Comme dans le cas de La Roche-sur-Yon, l'affaire d'Hayange relève manifestement davantage de la maladresse et/ou de la méconnaissance des règles régissant le droit d'auteur, que d'une quelconque intention cachée. "Nous avons voulu redonner des couleurs, égayer un peu le centre-ville, les barrières aussi ont été repeintes...", explique ainsi Fabien Engelmann, le maire d'Hayange.
Mais l'affaire présente toutefois deux différences : d'une part l'œuvre en question appartient au domaine public de l'Etat (alors que celle de La Roche-sur-Yon appartenait au département) ; d'autre part, le maire d'Hayange est l'un des nouveaux élus du Front national, qui a remporté la ville en mars dernier. Aurélie Filippetti a donc publié, le 25 juillet, un communiqué pour dénoncer "une violation manifeste du droit moral et des règles élémentaires du Code de la propriété intellectuelle et de la protection du patrimoine". Pour la ministre de la Culture, "cet incident est révélateur de la conception de la politique culturelle qu'ont les élus du Front national et qui appelle à la plus grande vigilance".
Une circulaire aux préfets pour rappeler les règles
Au-delà de cette polémique, la ministre "rappelle que les œuvres d'art appartenant au domaine public de l'Etat ou des collectivités publiques sont inaliénables, imprescriptibles et insaisissables. En conséquence, les œuvres ne peuvent être ni modifiées, ni même déplacées, ni a fortiori détruites sans l'autorisation de l'artiste ou de ses ayants droit. Elles ne peuvent en aucun cas être vendues". Aurélie Filippetti annonce avoir demandé à ses services de préparer une circulaire aux préfets, attirant leur attention sur ces "points de droit" et leur demandant "de rappeler, au besoin, aux collectivités propriétaires leurs devoirs de surveillance et de conservation des œuvres placées sous leur garde".
Cette position est depuis longtemps confirmée par la jurisprudence. Il y a quelques années, la ville de Bordeaux a ainsi été condamnée par le tribunal administratif (jugement définitif) pour avoir détruit une œuvre installée en bordure de la Garonne (voir notre article ci-contre du 13 juillet 2007). Ce jugement faisait suite à un autre, beaucoup plus célèbre : la condamnation, en 1981, de Renault pour avoir détruit le "Salon d'été" installé par Jean Dubuffet dans les jardins du siège social de l'entreprise à Boulogne.

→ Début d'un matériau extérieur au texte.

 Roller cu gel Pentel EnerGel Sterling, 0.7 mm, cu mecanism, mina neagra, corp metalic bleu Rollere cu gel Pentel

Ces condamnations se fondent sur l'article L.111-1 du Code de la propriété intellectuelle, qui ne laisse aucun doute sur le statut de l'œuvre d'art. Celui-ci dispose en effet que "l'auteur d'une oeuvre de l'esprit jouit sur cette oeuvre, du seul fait de sa création, d'un droit de propriété incorporelle exclusif et opposable à tous. Ce droit comporte des attributs d'ordre intellectuel et moral ainsi que des attributs d'ordre patrimonial [...]".